BOSTON — The pending closure of Pilgrim power plant will lead to an uptick in regional carbon emissions, according to environmental groups, who say the shutdown of the state's only nuclear plant increases the urgency to move toward wind, solar and other renewable energy sources.
The 47-year-old Plymouth facility will stop generating electricity on May 31. Entergy Corp. announced in 2015 that the problem-plagued facility is no longer financially viable amid falling revenues, increased costs and a difficult energy market.
The closure of the 690-megawatt power plant, which produces about 15 percent of New England's energy, will leave a gaping hole in the region's power system.
ISO New England, which operates the regional grid, plans to fill the void with 1,185 megawatts of new power expected to come online in the next few years.

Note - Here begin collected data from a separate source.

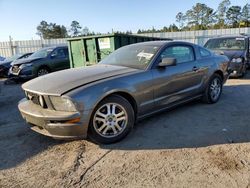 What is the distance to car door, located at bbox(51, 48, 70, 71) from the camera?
1030 centimetres

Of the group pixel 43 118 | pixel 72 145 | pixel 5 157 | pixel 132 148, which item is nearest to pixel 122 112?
pixel 132 148

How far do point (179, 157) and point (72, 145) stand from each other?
1.58 m

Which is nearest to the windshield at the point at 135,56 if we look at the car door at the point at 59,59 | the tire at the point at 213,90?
the tire at the point at 213,90

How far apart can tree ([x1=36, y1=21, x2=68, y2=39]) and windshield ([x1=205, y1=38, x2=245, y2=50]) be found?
5290cm

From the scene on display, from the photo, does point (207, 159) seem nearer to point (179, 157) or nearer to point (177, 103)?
point (179, 157)

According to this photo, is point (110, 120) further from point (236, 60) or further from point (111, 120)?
point (236, 60)

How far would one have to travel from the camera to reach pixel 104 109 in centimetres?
344

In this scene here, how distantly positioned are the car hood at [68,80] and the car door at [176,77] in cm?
56

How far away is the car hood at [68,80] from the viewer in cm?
327

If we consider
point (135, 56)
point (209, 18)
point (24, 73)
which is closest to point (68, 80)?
point (135, 56)

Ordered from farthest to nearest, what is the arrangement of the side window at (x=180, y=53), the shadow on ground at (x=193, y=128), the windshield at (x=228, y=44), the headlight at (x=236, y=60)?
the windshield at (x=228, y=44) → the headlight at (x=236, y=60) → the side window at (x=180, y=53) → the shadow on ground at (x=193, y=128)

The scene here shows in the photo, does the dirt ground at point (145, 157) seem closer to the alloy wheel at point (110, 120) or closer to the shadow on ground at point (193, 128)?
the shadow on ground at point (193, 128)

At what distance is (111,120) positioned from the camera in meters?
3.50

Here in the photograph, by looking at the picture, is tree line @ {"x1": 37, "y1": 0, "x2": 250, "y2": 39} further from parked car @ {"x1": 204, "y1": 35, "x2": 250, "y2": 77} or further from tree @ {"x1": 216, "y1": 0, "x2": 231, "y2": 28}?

That includes the output of five new grid-scale solar power facilities and a new wind power project, which combined will be capable of producing 131 megawatts.
But most of the new electricity will come from three new power plants that burn both natural gas and oil, according to the grid operators.
That will likely lead to a short-term spike in greenhouse gas emissions until power generators can match typical energy needs with more renewable sources, according to Eric Wilkinson, director of energy policy at the Environmental League of Massachusetts.
Still, he said, it could be a lot worse.
"Because we've invested so much in energy efficiency and in solar, the impact is going to be a lot less than it otherwise would be," Wilkinson said.
There was a slight uptick in carbon emissions when the Vermont-Yankee nuclear power plant went offline in 2014, he said, but the increase has since been offset as New England states have added more renewables to the regional grid.
Environmentalists worry that a rise in carbon emissions could could rollback gains made by Massachusetts in recent years to reduce the greenhouse gases that scientists say are contributing to a warmer planet.
The state is required to reduce its carbon footprint by 25 percent of 1990s levels by 2020, and 80 percent by 2050, to comply with the Global Warming Solutions Act, a federal law the state adopted years ago. A 2016 ruling by the state Supreme Judicial Court mandated stepped-up efforts to hit those benchmarks.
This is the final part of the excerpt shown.